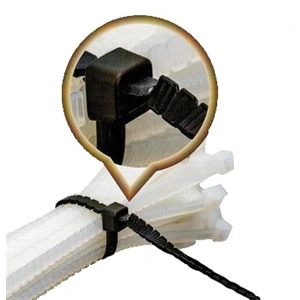 Kábelkötegelő tördelhető 300 x 4,6 mm, fehér, UV álló, 100db/cs, Meller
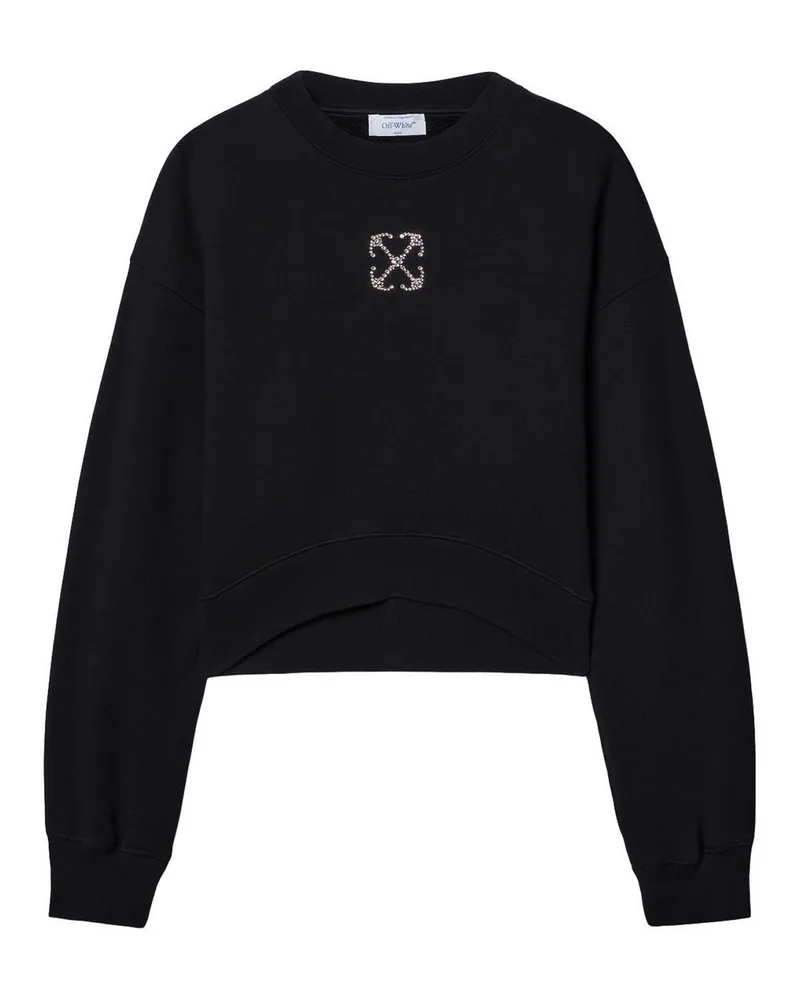 OFF-WHITE Rundhalspullover - Schwarz Schwarz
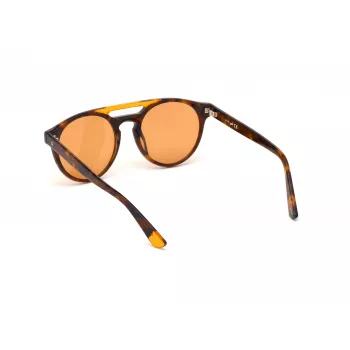 WEB EYEWEAR Unisex WE0262-5156J Prostokątne okulary przeciwsłoneczne z acetylocelulozy Havana/Brown Gradient Lens 51/19/145 mm UV400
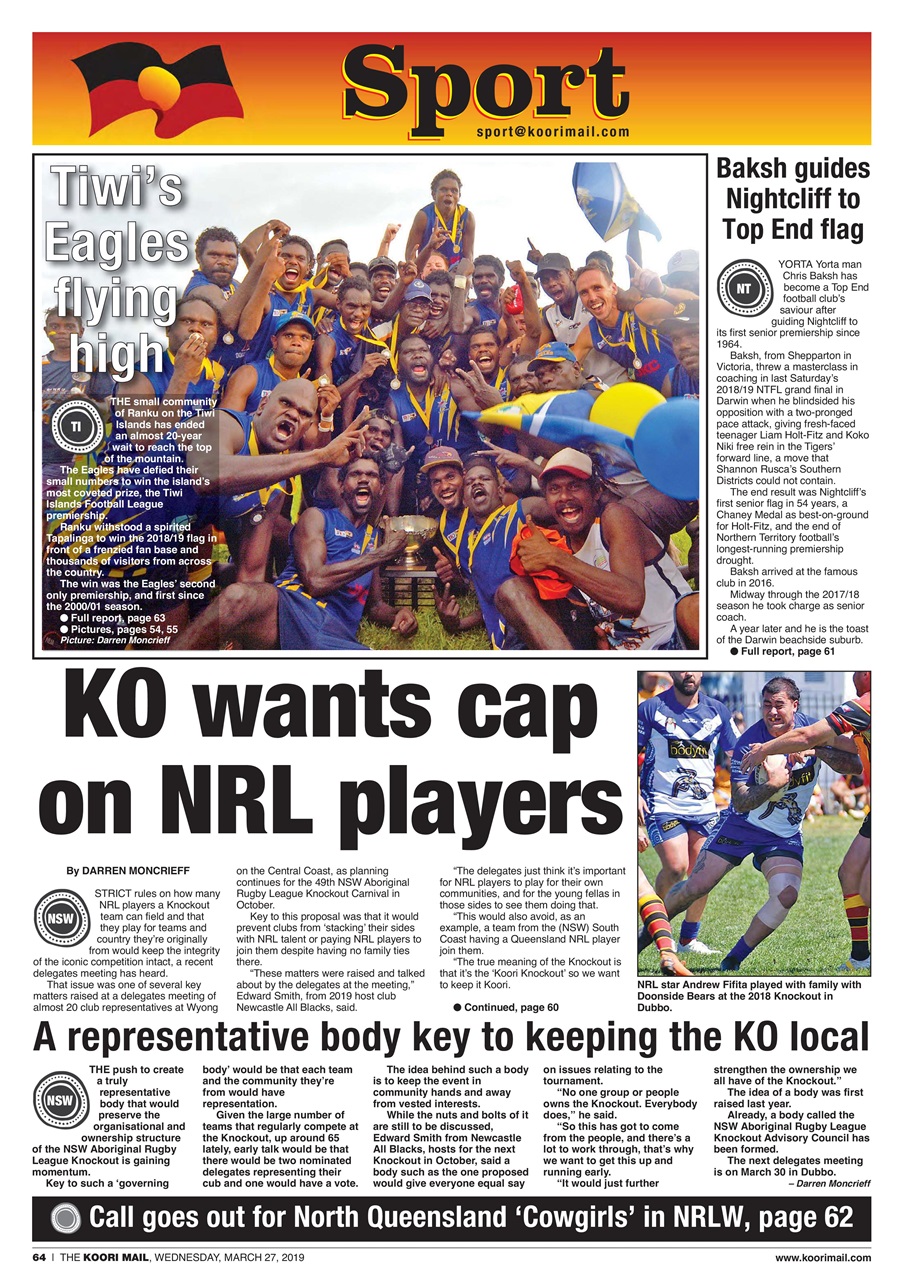 Koori Mail Preview Pages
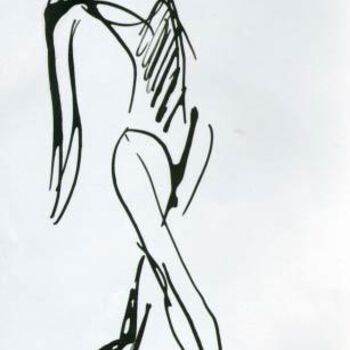 Dessin intitulée "Danseuse 1" par Inna Skliarevskaia, Œuvre d'art originale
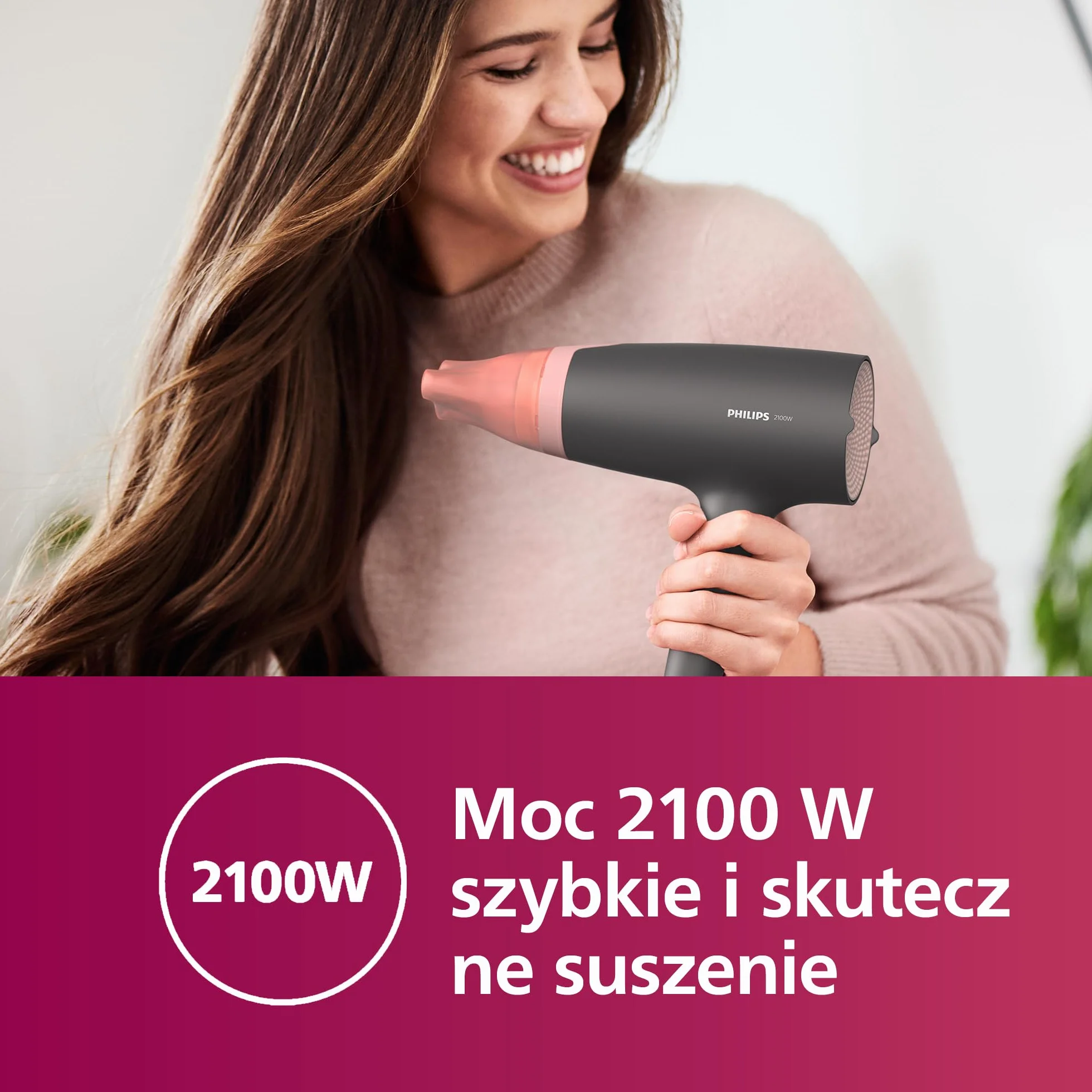 Philips BHD350/10 Essential suszarka do włosów 2100 W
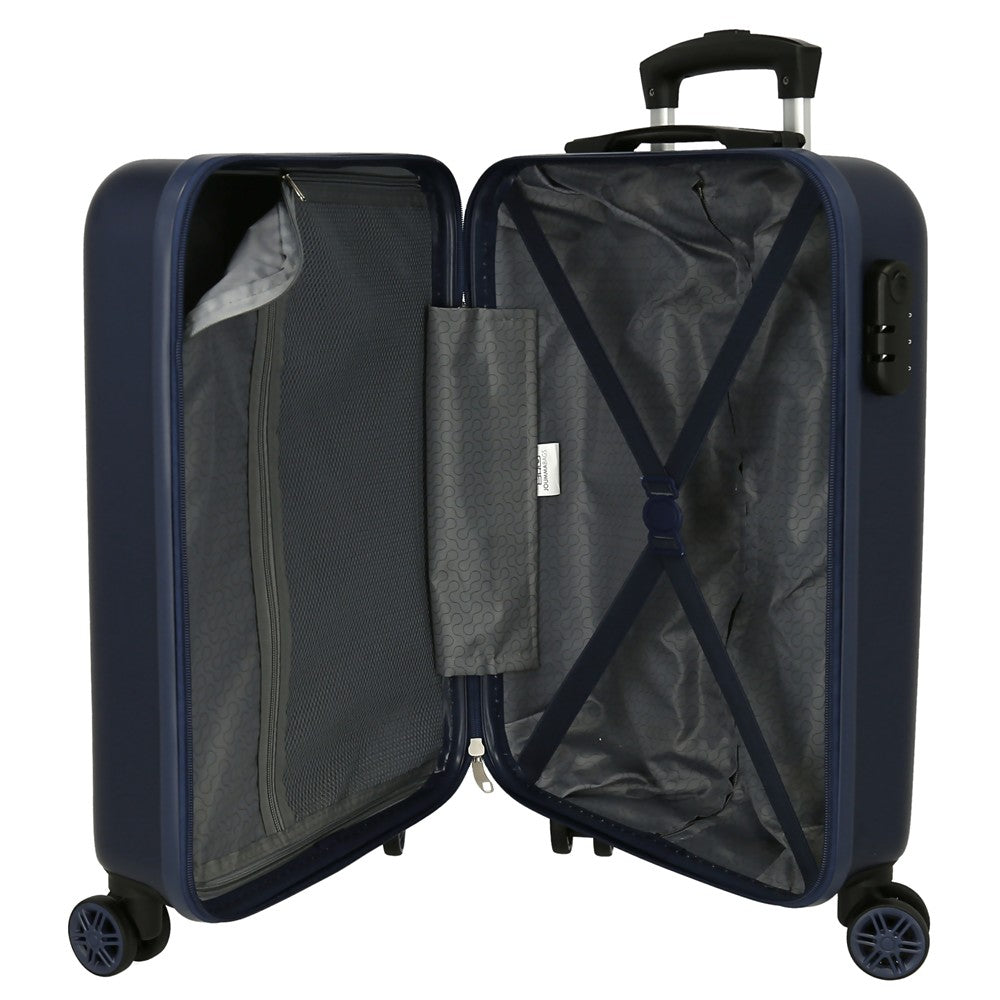 SET/2 TROLLEY ABS 55-65CM.4R. GRAFFITIS DE SPIDERMAN MARINS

### PROBLEM REQUIREMENTS
The entries are to be transcribed word for word, without their images.

### RESPONSE
 Kábelkötegelő tördelhető 300 x 4,6 mm, fehér, UV álló, 100db/cs, Meller
 OFF-WHITE Rundhalspullover - Schwarz Schwarz
 WEB EYEWEAR Unisex WE0262-5156J Prostokątne okulary przeciwsłoneczne z acetylocelulozy Havana/Brown Gradient Lens 51/19/145 mm UV400
 Koori Mail Preview Pages
 Dessin intitulée "Danseuse 1" par Inna Skliarevskaia, Œuvre d'art originale
 Philips BHD350/10 Essential suszarka do włosów 2100 W
 SET/2 TROLLEY ABS 55-65CM.4R. GRAFFITIS DE SPIDERMAN MARINS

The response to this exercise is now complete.